Seymour, Lisa M. and Deutscher, Ania T. and Jenkins, Cheryl and Kuit, Tracey A. and Falconer, Linda and Minion, F. Chris and Crossett, Ben and Padula, Matthew and Dixon, Nicholas E. and Djordjevic, Steven P. and Walker, Mark J. (2010) A processed multidomain hyopneumoniae adhesin binds fibronectin, plasminogen and swine respiratory cilia. Journal of Biological Chemistry, 285 (44). pp. 33971-33978. ISSN 0021-9258

Abstract

Porcine enzootic pneumonia is a chronic respiratory disease which affects swine. The aetiological agent of the disease, Mycoplasma hyopneumoniae, is a bacterium which adheres to cilia of the swine respiratory tract, resulting in loss of cilia and epithelial cell damage.
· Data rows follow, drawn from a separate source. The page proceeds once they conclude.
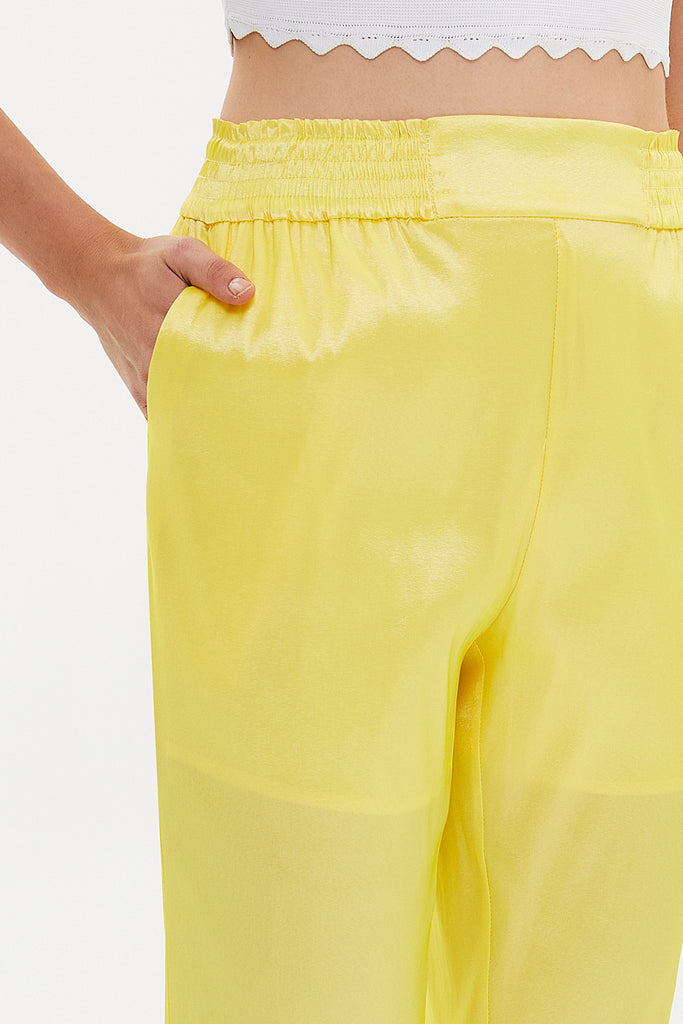 Yellow Elastic waist pants 41356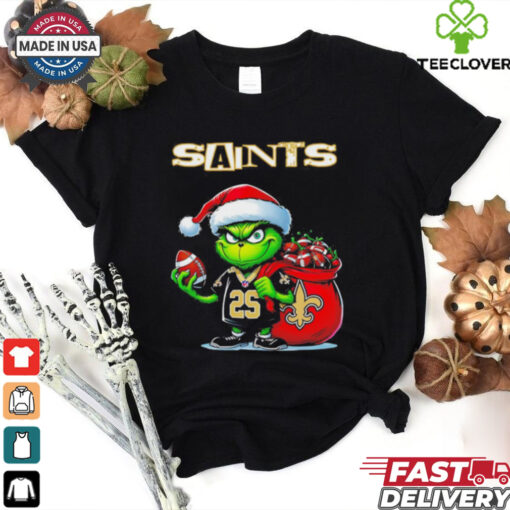 Grinch Santa Christmas gift for fan New Orleans Saints shirt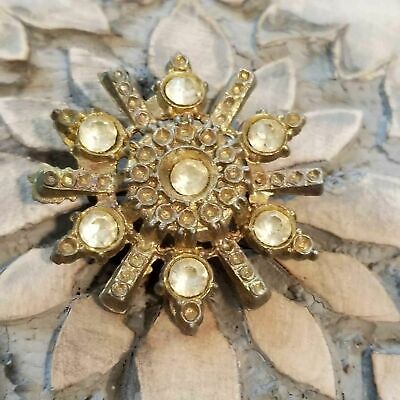 Vintage Star Burst Rhinestone Brooch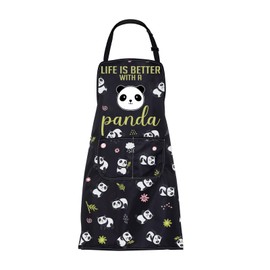 ENSIANTH Panda Aprons for Women with Pockets Life is Better with A Panda Cooking Kitchen Chef Grill BBQ Apron with Pocket (24725 panda apron)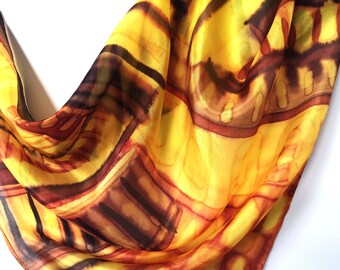 Handpainted silk, yellow and brown colors, square scarf Hand-painted on silk, designed by SilkArtidea, 22x22 inches or 55x55cm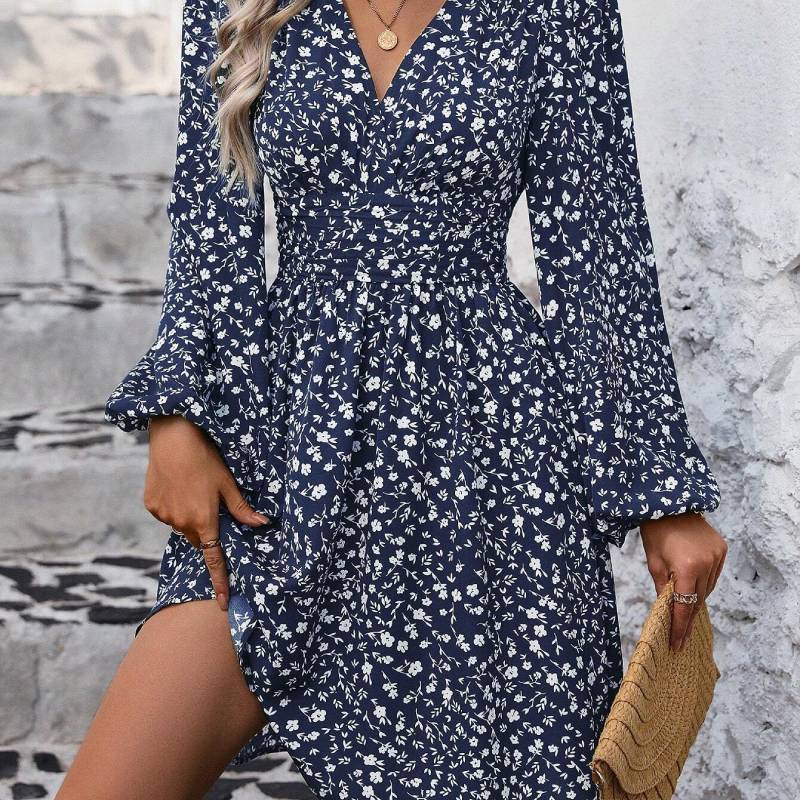 Polyester Vneck Lantern Sleeve Dress With Pleats For Casual And Party Wear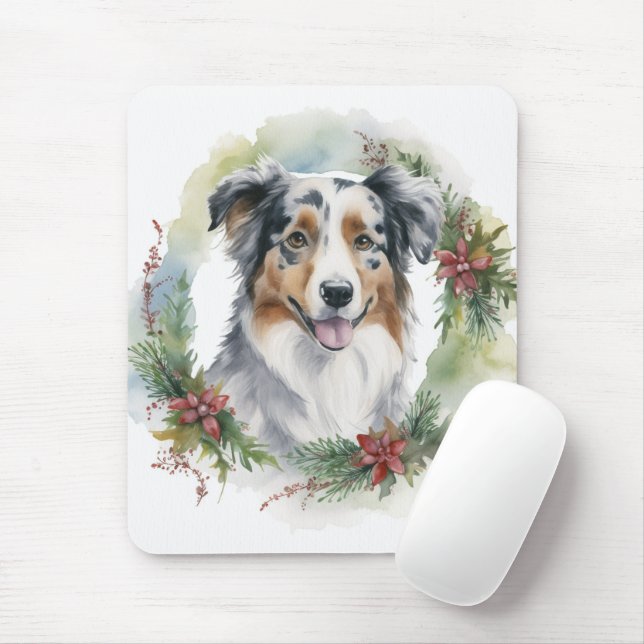 Julkrans av Australian Shepherd Festiv Valp Musmatta (Med mus)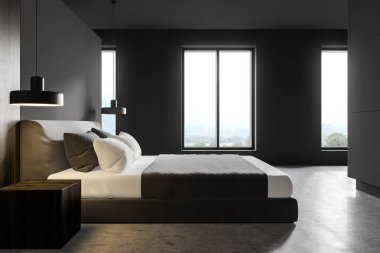 Minimalist gri ana yatak odasının yan görünüşü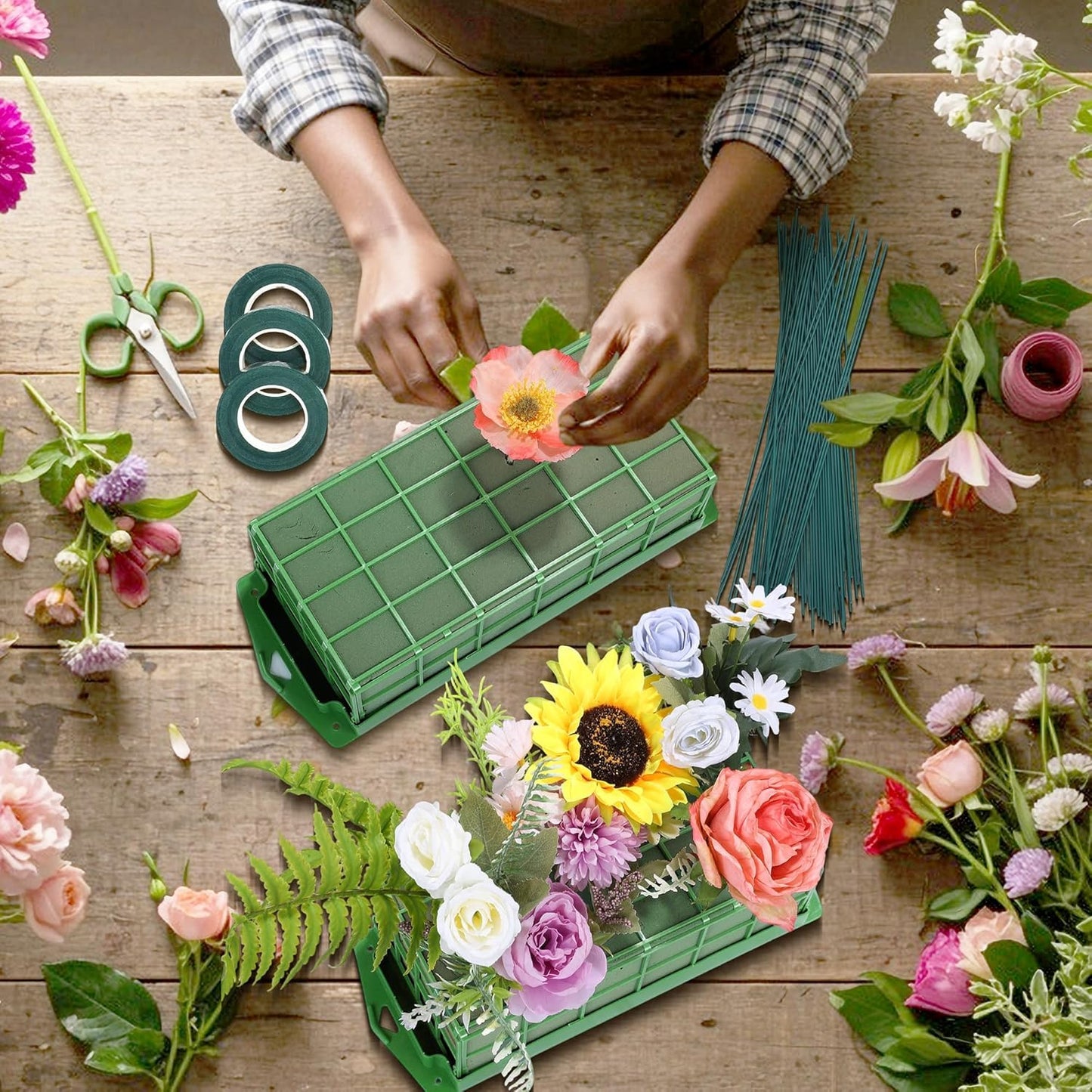 Aodaer 6 Pieces Floral Foam Cage with Floral Foam for Fresh and Artificial Flowers Rectangle Dry and Wet Flower Cage Bowl Holder for Wedding, Home and Garden Arrangement Decorations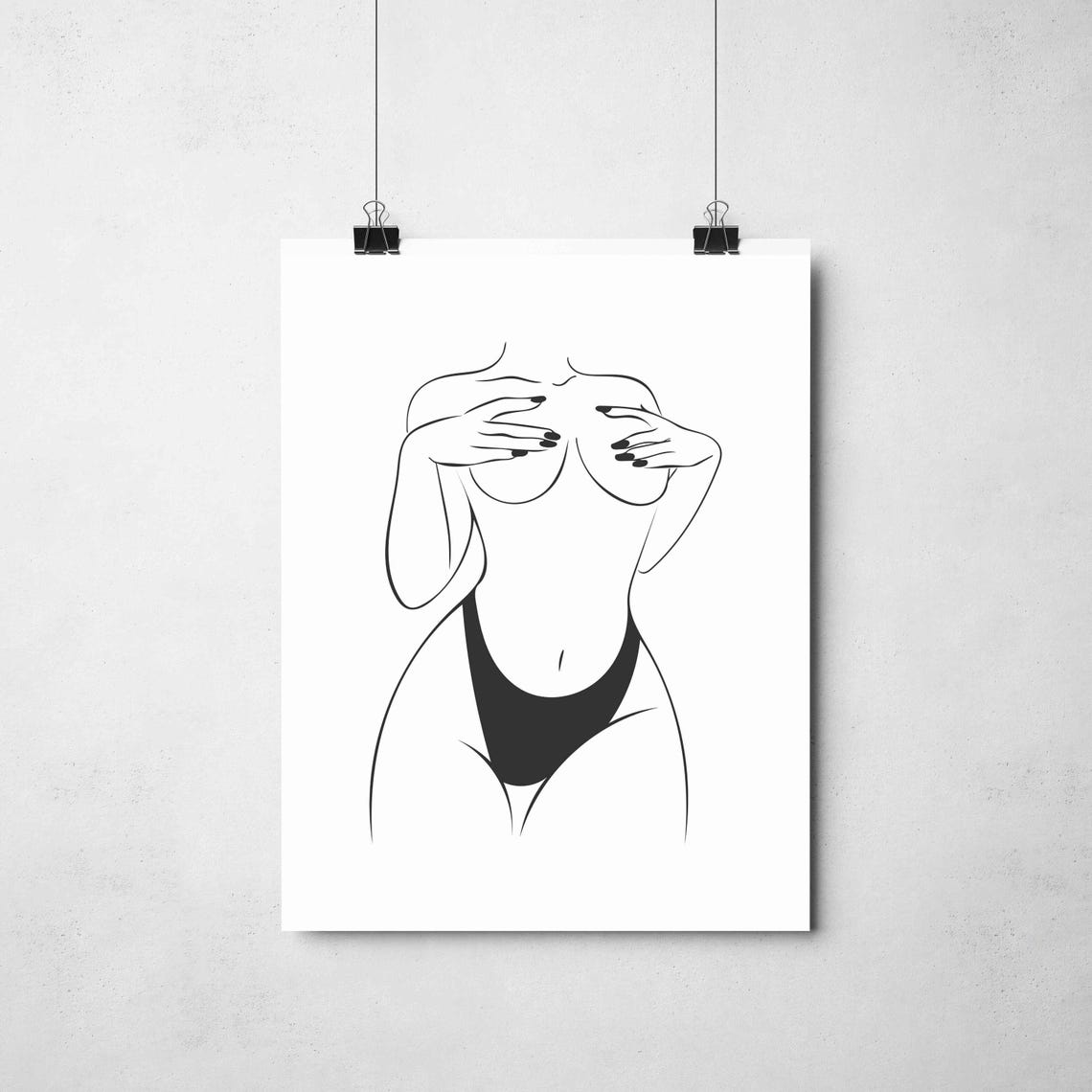 Curvy Woman Figure One Line Drawing Bold Body Positive Art Poster - Image 2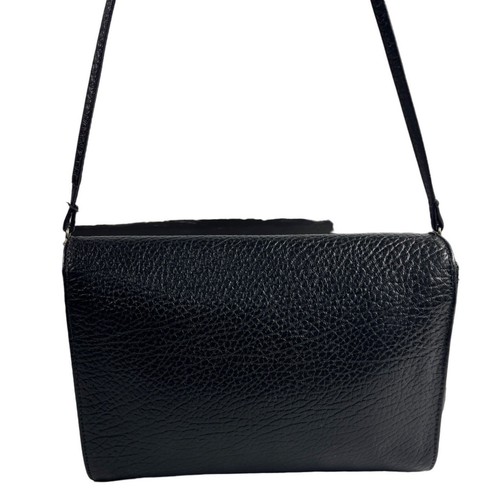 Desmo Women's Black Pebbled Leather Shoulder Crossbody Flap Bag Sz S - Picture 4 of 11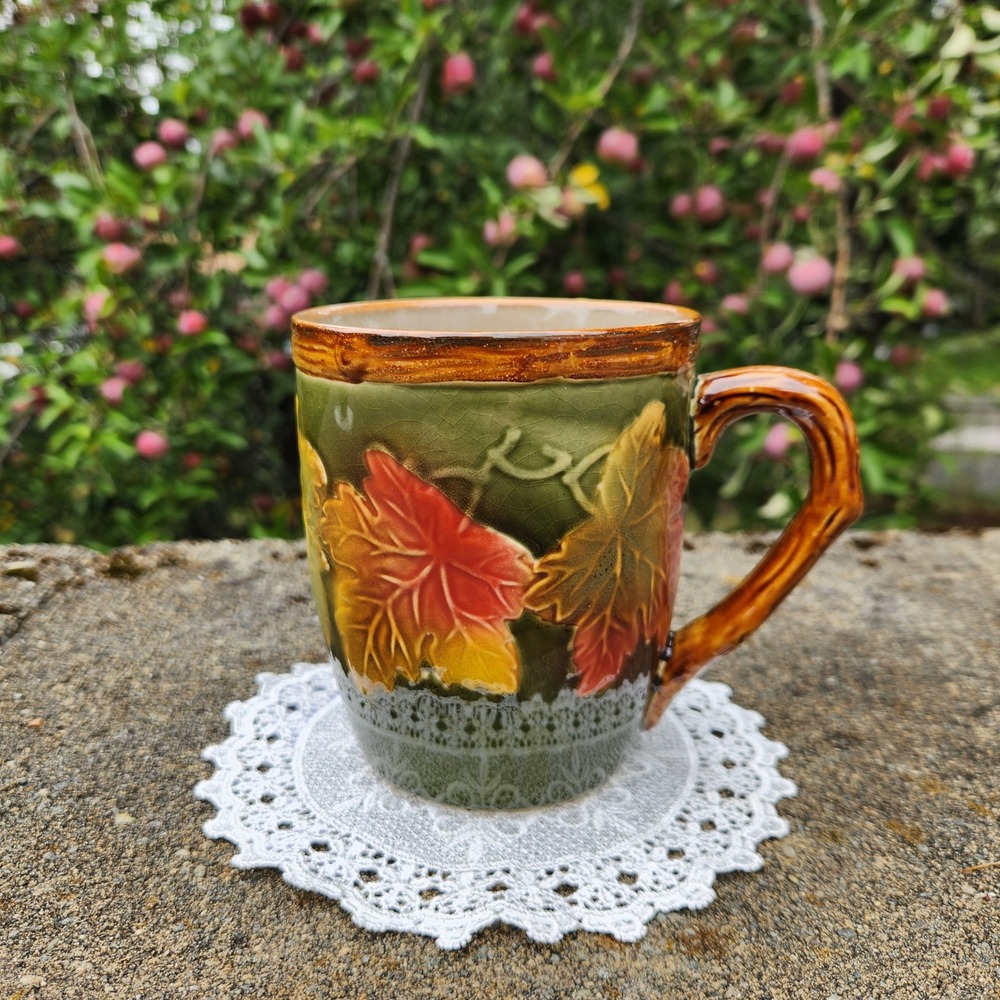 Autumn Leaf Embossed Ceramic Mug Green Orange Red Fall Harvest Rustic Wood Rim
A M. hyopneumoniae protein P116, encoded by mhp108, was investigated as a
potential adhesin. Examination of P116 expression using proteomic analyses observed P116 as a full length protein and also as fragments, ranging from 17 kDa to 70 kDa in
size. A variety of pathogenic bacterial species have been shown to bind the extracellular matrix component fibronectin as an adherence mechanism. M. hyopneumoniae
cells were found to bind fibronectin in a dose dependent
and saturable manner. Surface plasmon resonance was used to show that a recombinant C-terminal domain of P116 bound fibronectin at physiologically relevant concentrations (KD 24 ± 6 nM). Plasmin(ogen) binding proteins are also expressed by many bacterial pathogens, facilitating extracellular matrix degradation. M. hyopneumoniae cells
were found to also bind plasminogen in a dose-dependent and saturable manner; the C-terminal domain of P116 binds to
plasminogen (KD 44 ± 5 nM). Plasminogen binding was abolished when the C-terminal lysine of P116 was deleted, implicating this residue as part of the plasminogen binding site. P116 fragments adhere to the PK15 porcine kidney epithelial-like cell line and swine respiratory cilia. Collectively these data suggest that P116 is an important adhesin and virulence factor of M. hyopneumoniae.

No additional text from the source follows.